Which sensors should O use to measure salinity and chlorine in sweat?

Hi! I am doing a project in school, in which I need to measure the salimity leves and also the chlorine levels in sweat, is there any sensor that could give me any of this values? Or maybe any other idea to get to this results?

Chlorine...that's a tough one. Reading CL2 is done either optically after exposing sample to a reagent. It changes color in presence of CL2 (usually pink) then compared to clear as the zero standard

...or done amperometrically by adding reagent, two chemicals (sodium hydroxide and one I can't recall) plus acetic acid, then measuring conductance and comparing with "zero" water, water with absolutely no CL2. Not sure how you would add reagent to sweat and do either method.

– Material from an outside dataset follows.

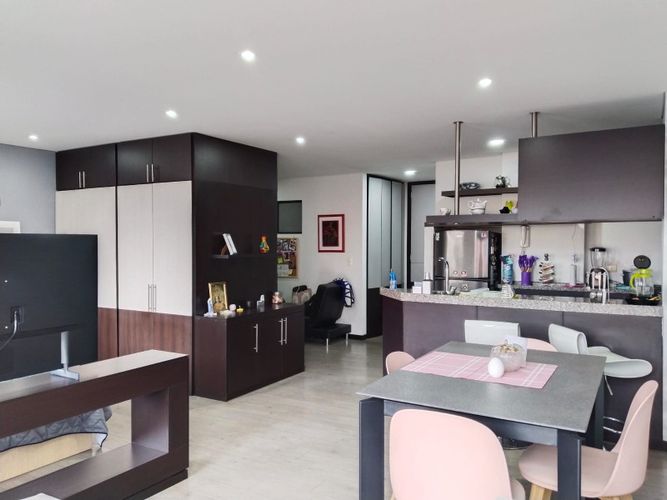 Apartaestudio en venta en Chapinero Central, Bogotá, 46 m² · foto 5 de 21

Amperometric is a continuous "in process" method. DPD (N,N Diethyl-1,4 Phenylenediamine Sulfate) or optical is a sample type - the one you would be most interested in.

Salinity might be measured with something like a soil moisture meter for plants but not sure how that would work. They connect to Arduino analog inputs. You'd have to have another "zero" sensor as well by maybe cleaning part of the skin with alcohol to remove salt. Just thinking out loud.

ElHefe:
Chlorine...that's a tough one. Reading CL2 is done either optically after exposing sample to a reagent. It changes color in presence of CL2 (usually pink) then compared to clear as the zero standard

...or done amperometrically by adding reagent, two chemicals (sodium hydroxide and one I can't recall) plus acetic acid, then measuring conductance and comparing with "zero" water, water with absolutely no CL2. Not sure how you would add reagent to sweat and do either method. Amperometric is a continuous "in process" method. DPD (N,N Diethyl-1,4 Phenylenediamine Sulfate) or optical is a sample type - the one you would be most interested in.

There's not going to be any chlorine in sweat. It's not worth testing for it. It's a poison and you wouldn't be alive if it was being secreted from your skin.

There will be chloride in sweat which is a totally different issue to test for.

The difference between chlorine and chloride would be a good place to start looking for your solution.

Do you want something that tests on the skin? OR are you going to collect a bucket of sweat?

Chloride you MAY find in someone's sweat after they visited the pool.

Salinity of a liquid is normally measured using an EC probe (and be aware that I'm simplifying things here badly as while EC is a direct measure of salinity, it's not a simple direct relationship) but I don't know of any that would work with just a few drops, let alone with drops that have been soaked up by a towel or so. You may not literally need buckets, but close to, to make it work with regular EC probes.

Chloride you MAY find in someone's sweat after they visited the pool.

Chloride would be there all the time from the salt in the sweat. Chlorine is what you're thinking of at the pool though that's actually hypochlorite. The chlorine that is produced from that hypochlorite is in small small quantities and dissipates really fast.

Mmm... So much for being a chemical engineer... Mixing them up again...

Anyway. There are chloride probes available - they're similar to pH probes in that it uses an ion selective glass membrane. Those again are meant for larger volumes - enough to stick the probe in. They're expensive, a couple hunderd USD a piece, without the sensor amplifier board (the same as you would use for a pH sensor). Probably out of budget of a school project.

Chlorine, the best probe may be your nose, but it'd have a digital output (it's there or it's not there). Qualitative only, not quantitative. There must be chlorine gas probes out there as well but not sure how to measure the amount in sweat - after all it evaporates really quickly and then gets diluted in the surrounding air.